**Work required**. Extract the lines of the material below, beginning with the first and ending with the line that holds "Filmes Nubile - Vídeo". Skip every picture.

┌──

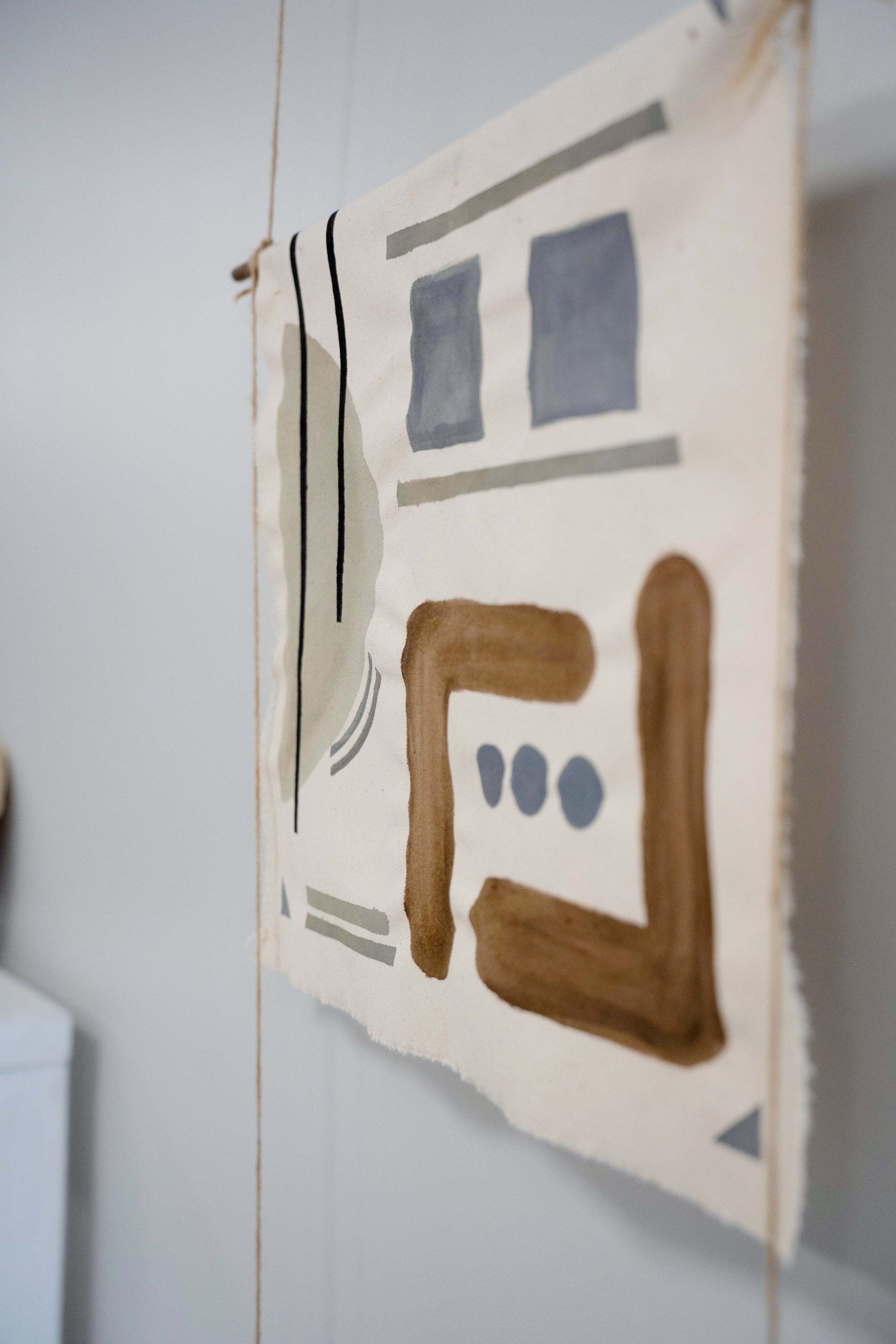 444_gallery022023-99.jpg
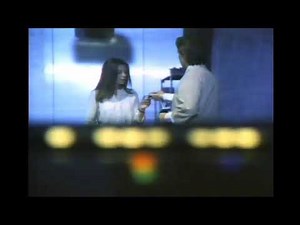 Kiss Meets The Phantom of The Park Part 4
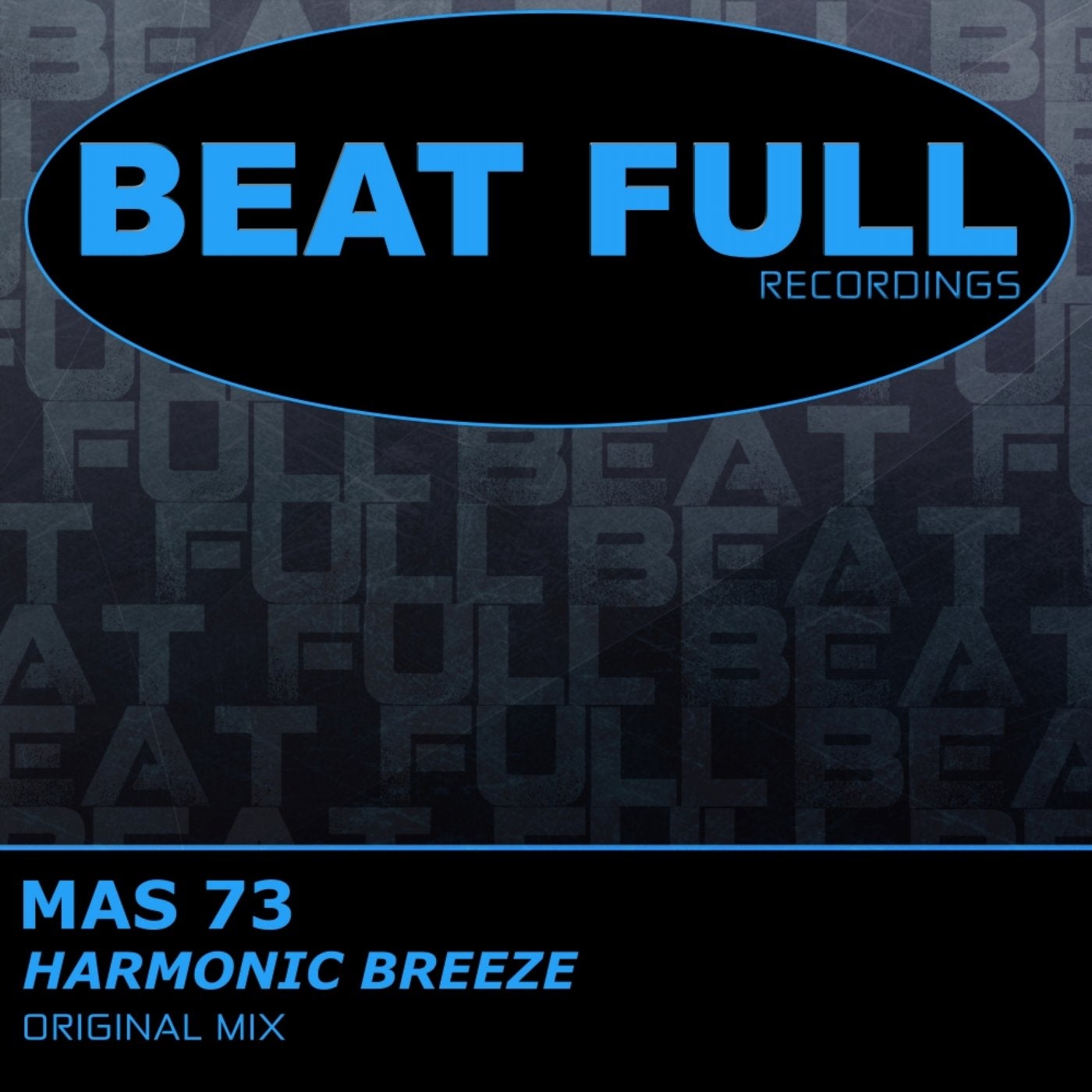 Harmonic Breeze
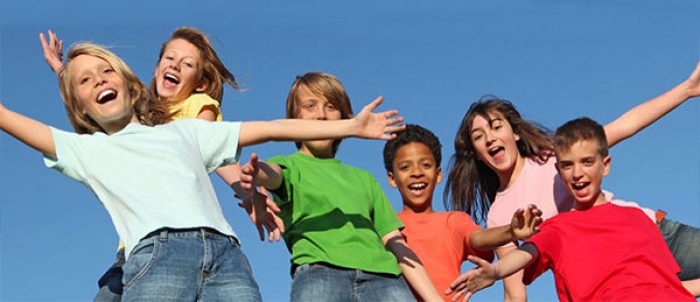 У Клячанові на Мукачівщині буде табір від "Відродження". На "шару"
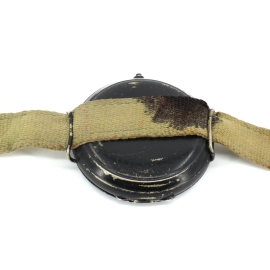 Boussole de poignée SOE - SAS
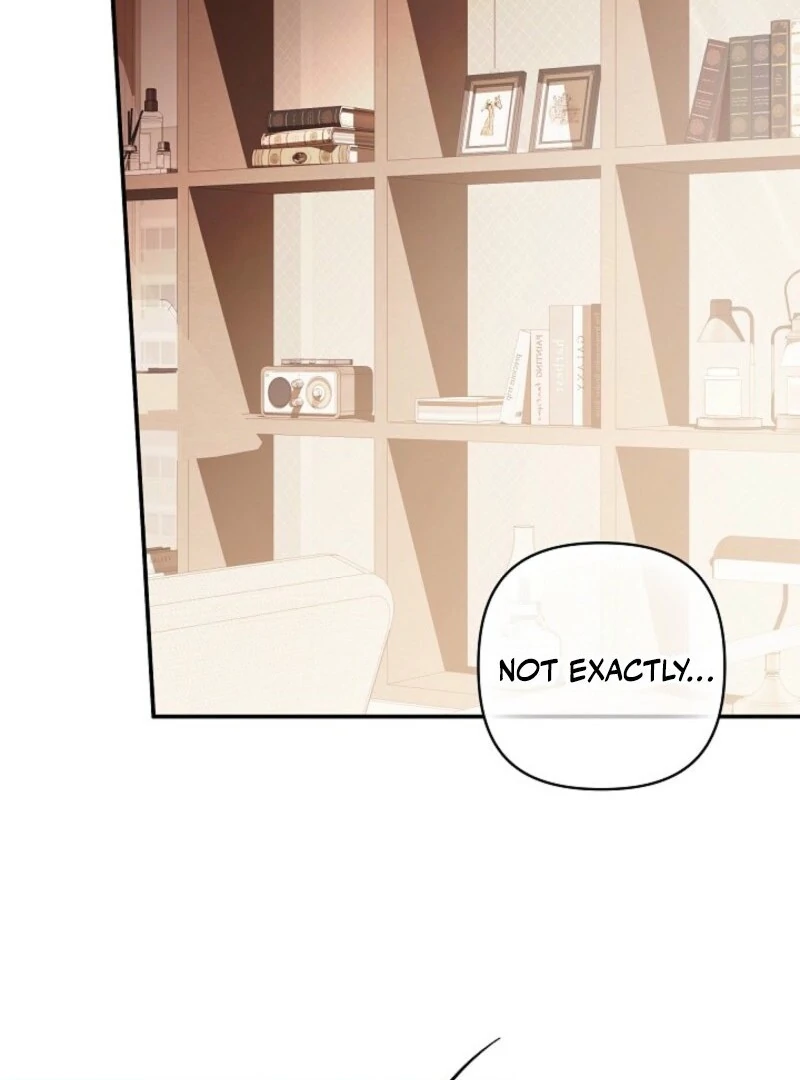 Food Chain Chapter 64 - Page 107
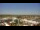 Webcam in Chandler, Arizona, 45.8 km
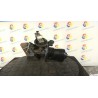 MOTORINO TERGILUNOTTO 169 HYUNDAI ACCENT (11/99-05/06) G4EA 9870025000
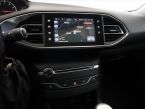 Peugeot 308 - fotka číslo 9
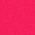 Color Swatch - Virtual Pink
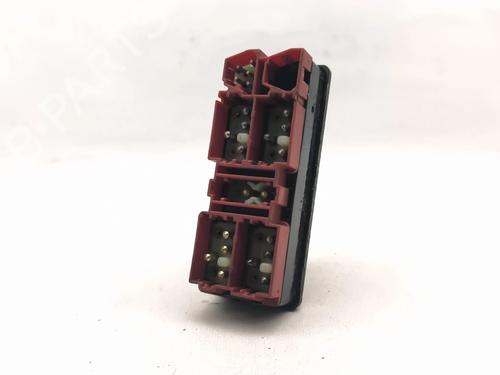 Left front window switch VOLVO 850 (854) 2.0 | BP38487571I27 - Image 6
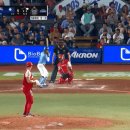 2025년 야구 우승팀 특징 이미지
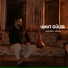 Umut Güler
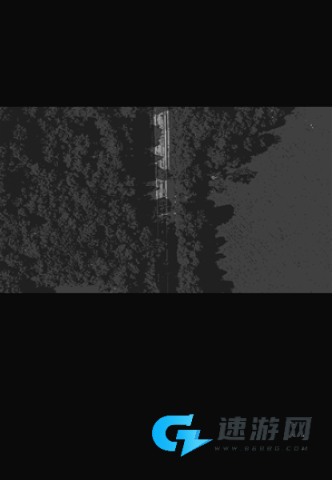 地球上最长的路汉化版 第3张图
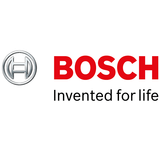 Bosch GPS Tracking icône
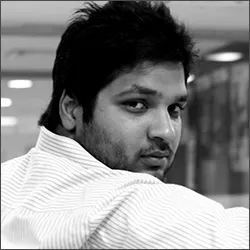Vidit-JainShopclues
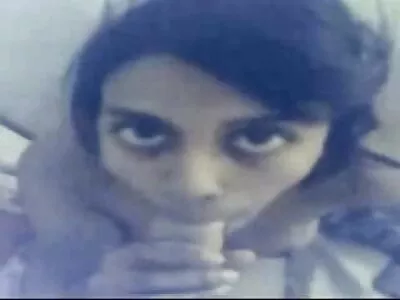 Filmes Nubile - Vídeo finalmente caseiro (Taylor xvideos em desenho animado Whyte)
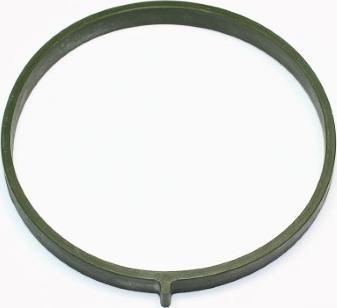 Elring 446.050 - Ущільнення, корпус випускного колектора autodetail.com.ua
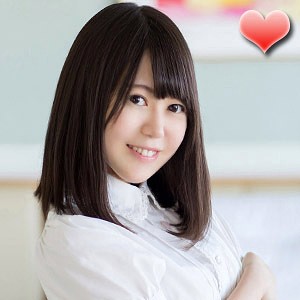 【無料ダウンロード】miku｜scute724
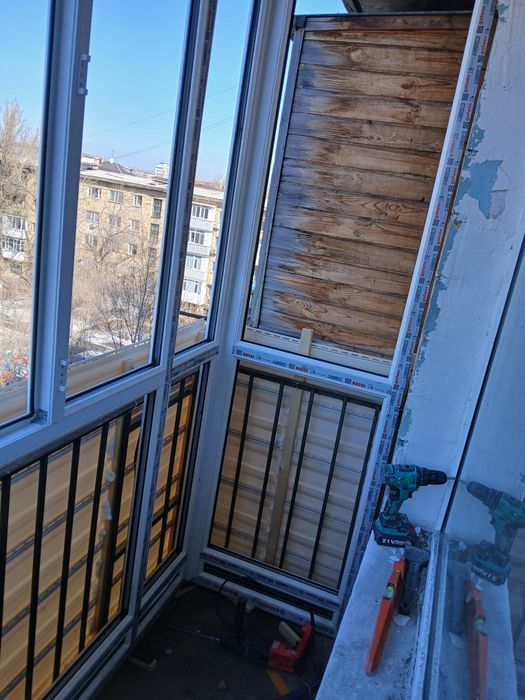 Стройка,строители ,строительный услуги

└──

**Solved problem**.
 444_gallery022023-99.jpg
 Kiss Meets The Phantom of The Park Part 4
 Harmonic Breeze
 У Клячанові на Мукачівщині буде табір від "Відродження". На "шару"
 Boussole de poignée SOE - SAS
 Food Chain Chapter 64 - Page 107
 Webcam in Chandler, Arizona, 45.8 km
 MOTORINO TERGILUNOTTO 169 HYUNDAI ACCENT (11/99-05/06) G4EA 9870025000
 Peugeot 308 - fotka číslo 9
 Color Swatch - Virtual Pink
 Left front window switch VOLVO 850 (854) 2.0 | BP38487571I27 - Image 6
 2025년 야구 우승팀 특징 이미지
 Umut Güler
 地球上最长的路汉化版 第3张图
 Bosch GPS Tracking icône
Vidit-JainShopclues
 Filmes Nubile - Vídeo finalmente caseiro (Taylor xvideos em desenho animado Whyte)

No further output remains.